La Corte è un animale misto:
per metà fa il mestiere di controllore e per l’altra quella d’inquisitore e giudice. Quando invocano più controlli, dovrebbero farlo davanti allo specchio. Il loro presidente ribadisce l’utilità di mantenere la commistione di funzioni, dimenticando che se i soldi vanno sprecati è segno che i controlli o non funzionano o sono corrotti, in tutti e due i casi dovrebbero essere giudicati da … quegli stessi magistrati che possono fare, indifferentemente, l’una o l’atra cosa.

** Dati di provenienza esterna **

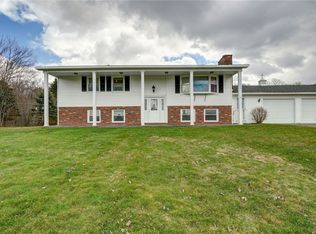 11712 Sparks Rd, Freedom, NY 14065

Non è da meno il procuratore generale che ha, da solo, sia il potere di coordinare i procuratori che quello di promuovere l’azione disciplinare, talché, se le cose non funzionano, e non funzionano, dovrebbe inquisirsi da sé, nel trionfo dell’onanismo disciplinare.
La relazione del citato procuratore contiene sprazzi di prosa chimerica: prende il decennio 1996-2006 e nota che mentre le sentenze penali definitive, per reati contro la pubblica amministrazione, sono state 18.553, quelle di primo grado della Corte dei conti erano 17.576. Ora, a parte che si stanno paragonando mele e banane, che fine hanno fatto le sentenze di primo grado? Sono definitive, sono eseguite? Nella relazione non c’è scritto, è un numero a capocchia, lanciato nel nulla.

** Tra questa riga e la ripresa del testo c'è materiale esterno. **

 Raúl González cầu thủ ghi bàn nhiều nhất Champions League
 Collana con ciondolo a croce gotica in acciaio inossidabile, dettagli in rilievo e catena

Gli italiani che ottengono il risarcimento per i tempi incivili della giustizia sono tanti. Sapete quanti sono i magistrati condannati per danno erariale? Nessuno. Come potrebbe, la Corte dei conti, condannare un collega per avere arrecato lo stesso danno erariale per il quale le Corti d’appello e la Corte europea condannano la Corte dei conti?
Udite le due relazioni è toccata la parola al presidente del Consiglio Nazionale Forense (gli avvocati), che ne ha elogiato la puntualità. Poi l’ha fatta breve, approssimandosi l’ora del desinare, in giusta pace. La sintesi è gran bella cosa, talché suggerisco l’approccio per l’anno prossimo: qui è un fallimento, ma dateci la macchina, l’autista ed un incarico ben remunerato e ce ne stiamo zitti.